The formats that survive tend to resist bloat through constraints. BLUF (Bottom Line Up Front) lasts because you can’t bloat a single sentence. The one piece of the Five Paragraph Order that crossed into mainstream business thinking, mostly through the Heath brothers’ Made to Stick, was Commander’s Intent. It’s defined as a single sentence describing what done looks like, clear enough that people can improvise when the plan breaks. It works because it fits in working memory and survives contact with reality. For example, Herb Kelleher’s entire Southwest Airlines strategy was “We are THE low-fare airline.” You can’t pad that without diluting or killing the core intent.

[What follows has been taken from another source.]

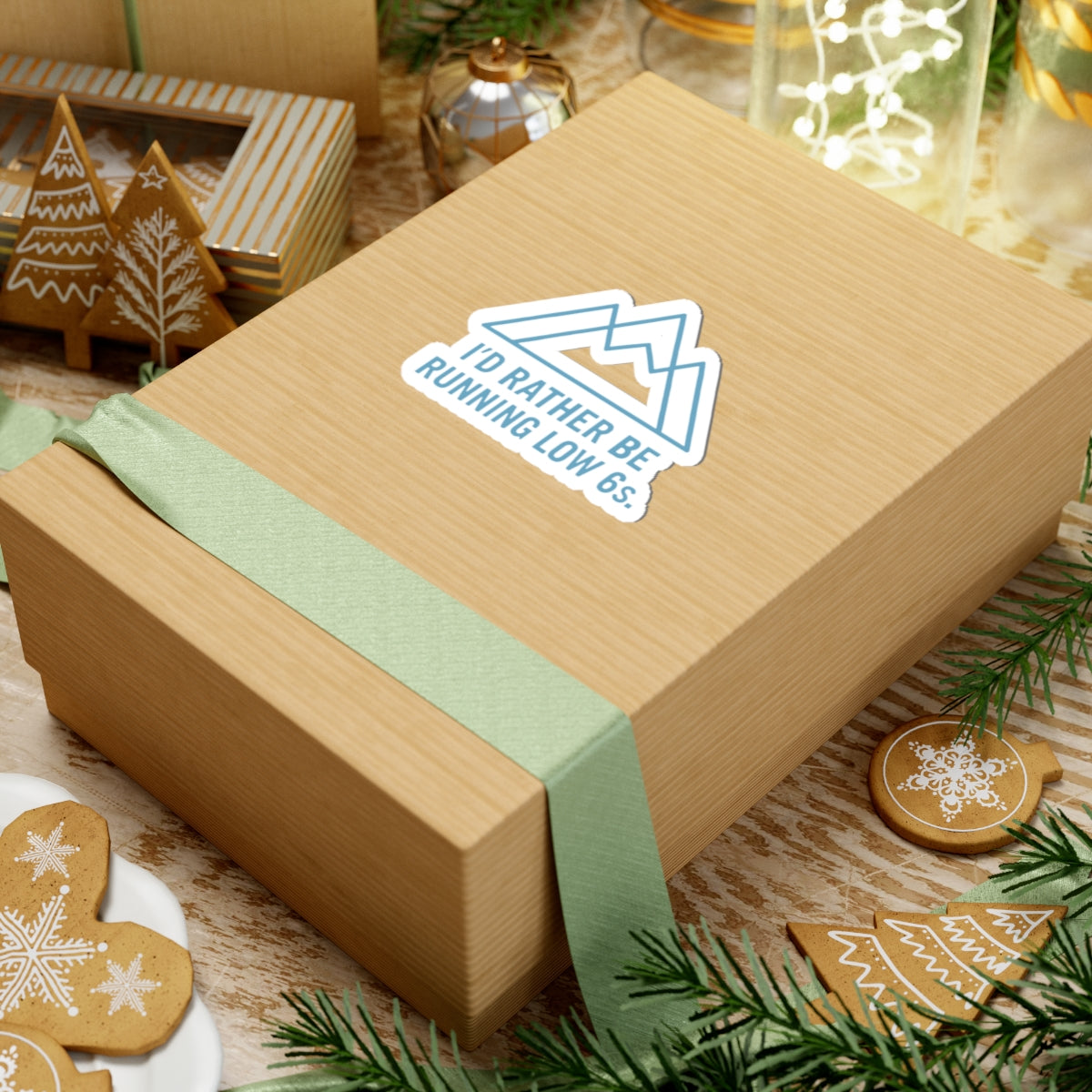 Wooden gift box with a green ribbon and a sticker on a festive background with cookies and lights.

Ethan Mollick connected this to something I hadn’t considered in Management as AI Superpower:

This problem existed long before AI and is so universal that every field has invented their own paperwork to solve it…The reason you can use so many formats to instruct AI is that all of these are really the same thing: attempts to get what’s in one person’s head into someone else’s actions.

These are serialization formats for intent. The receiver used to be a soldier, a nurse, a junior consultant, an engineer on another team. Now it’s increasingly an agent. That works when the outcome is genuinely clear, but with hands-off automation we keep finding that the person delegating didn’t fully know their own intent. And while SCIPAB’s Implication and Benefit steps helped me surface whether I actually knew what I wanted; it was really designed to move the audience, not check the sender’s thinking. Many other protocols don’t even have that side effect. Commander’s Intent assumes the commander actually has clear intent.

This didn’t matter much because execution was slow. A junior consultant takes a week on the first pass; you catch drift in the check-in. An engineer raises concerns in the design review. The human receiver’s slowness was itself a kind of safeguard. Agents don’t push back, not yet anyways. They execute faster than you can verify, and what felt like clear intent wasn’t. By the time you notice, the output is three iterations deep in the wrong direction. None of these protocols ever bothered describing what wrong looks like. Didn’t need to; the human on the other end would ask.